U.S. consumers and the businesses that depend on them are bracing for what Lehman Brothers Inc. economists call a “cold, dark and expensive” winter.
A growing number of Wall Street forecasters, including those at Goldman, Sachs & Co. and Merrill Lynch & Co., are pulling back on estimates for consumer spending. They cite a convergence of rising energy prices, falling real wages and new rules taking effect by year-end that will require larger credit-card payments, which threaten to increase delinquencies at a time when a record number of borrowers already are behind on their bills.

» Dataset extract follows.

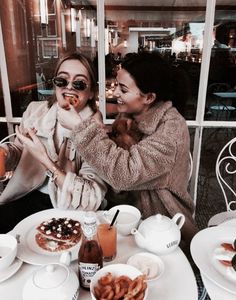 two women sitting at a table with plates of food and drinks in front of them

“We are hitting the consumer with headwinds that we have not witnessed on record,” says Andrew Pyle, senior economist with Scotia Capital in Toronto.
Goldman, Sachs predicts a 1.5 percent annual rate of increase in consumer spending over the next two quarters, half the pace of the last two years; Merrill Lynch & Co. set its fourth-quarter view closer to 1 percent.
A slowdown threatens not only the U.S. economy – consumer spending accounts for two-thirds of gross domestic product – but the world’s as well: The U.S. imports 18 percent of the world’s goods.
In a report Friday titled “Cold, Dark and Expensive,” Lehman said higher energy prices may cut U.S. gross domestic product growth by half a percentage point in the next two quarters. Lehman estimates Americans will pay $25 billion more this winter to heat their homes.
The true test for the consumer may come in the near future, when their heating bills arrive.
However, some economists say home-equity loans, which are still bolstering Americans’ ability to spend, will help cushion the blow.